All das beinhaltet mehr als nur begriffliche Abgrenzungsschwierigkeiten. Deutlich angezeigt wird hier die Kunstwelt als ein dynamisches Netzwerk aus persönlichen, kulturellen und politischen Interessen, dessen Knotenpunkte sich unaufhörlich neu verdichten, auflösen und verschieben. Ebenso heterogen sind die Vorstellungen davon, was genau in einem alternativen Kontext eigentlich anders laufen soll, als innerhalb des als Gegenüber vorausgesetzten Mainstreams: Mal steht die Suche nach unabhängigen Vertriebswegen im Vordergrund, mal der Wunsch nach weniger repräsentativen Ausstellungen. Kollektive Formen der Zusammenarbeit, Kunstmarktkritik oder eine gesamtpolitische Aktivierung bilden weitere Schwerpunkte.

Phase eins: unabhängig produzieren

Aus der Vogelperspektive lässt sich nach 1945 das Verhältnis zwischen der etablierten Szene und ihren jeweiligen Gegenbewegungen dennoch schemenhaft in drei Dekaden einteilen: die 1970er-Jahre, die 1990er-Jahre und die Jetztzeit. Als Stichworte für Phase eins mögen hier dienen: Die Gründung der neuen Gesellschaft für bildende Kunst (nGbK) 1969 in Berlin, bis heute der einzige basisdemokratische Kunstverein in Deutschland, und das Aufkommen der ersten Produzentengalerien. Den Ausschlussmechanismen des regulären Betriebs wurden so eigene Handlungsräume entgegengesetzt. „Tötet Euren Galeristen. Kollegen! Gründet Eure eigene Galerie“ heißt es auf dem Ausstellungsplakat von Dieter Hacker zur Eröffnung der 7. Produzentengaleriein Berlin 1971.

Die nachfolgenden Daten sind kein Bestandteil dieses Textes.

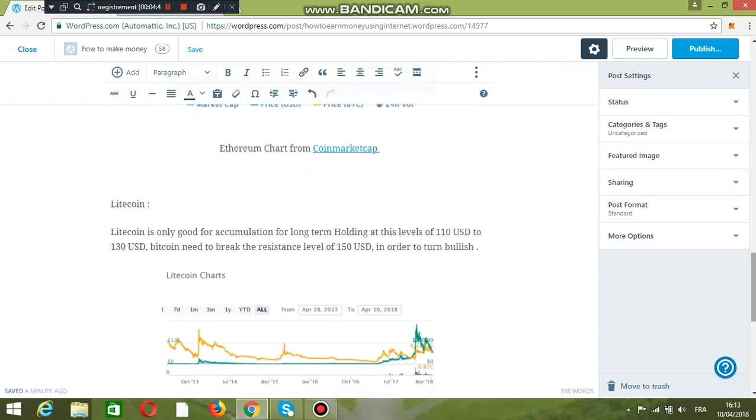For Litecoin, I don't see any trading opportunity for the short term. Litecoin is only good for accumulation for long-term holding at levels of 110 USD to 130 USD. Litecoin needs to break the resistance level of 150 USD in order to turn bullish.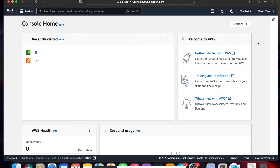Dear Programmers, welcome to another AWS tutorial from EduHome. This time we are considering RDS — Relational Database Service.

Phase zwei: einladend anders

Zwei Jahrzehnte später gerät das Vernetzen in den Vordergrund, vor allem in Berlin kommt es Anfang der 1990er-Jahre zu einem regelrechten Projektraum-Boom. Die Begriffe davon, was Kunst sein kann, erweitern sich – noch stärker als in den Jahren zuvor – um prozessorientierte Arbeitsweisen, die zum Teil keinen manifesten Ausstellungsraum mehr benötigen. Dafür mehren sich die Einladungen der großen Häuser, alternative Projekte in ihren Räumen vorzustellen – einerseits um ihnen ein Forum zu geben, anderseits um sich mit ihrem kritischen Potenzial zu schmücken. Die Behauptung, innerhalb des Kunstbetriebs eine Gegenöffentlichkeit bilden zu können, schmilzt so rapide zusammen: Über eine Außenposition auf sich aufmerksam zu machen, erweist sich als gangbarer Weg, um im Herzen des Betriebs zu landen. Umgekehrt werden alternative Formate zunehmend von engagierten Galerien und Institutionen übernommen. Diese offensichtliche Vermischung dürfte auch der Grund dafür sein, dass die lautstarke Opposition gegen das Establishment heute keine große Rolle mehr spielt.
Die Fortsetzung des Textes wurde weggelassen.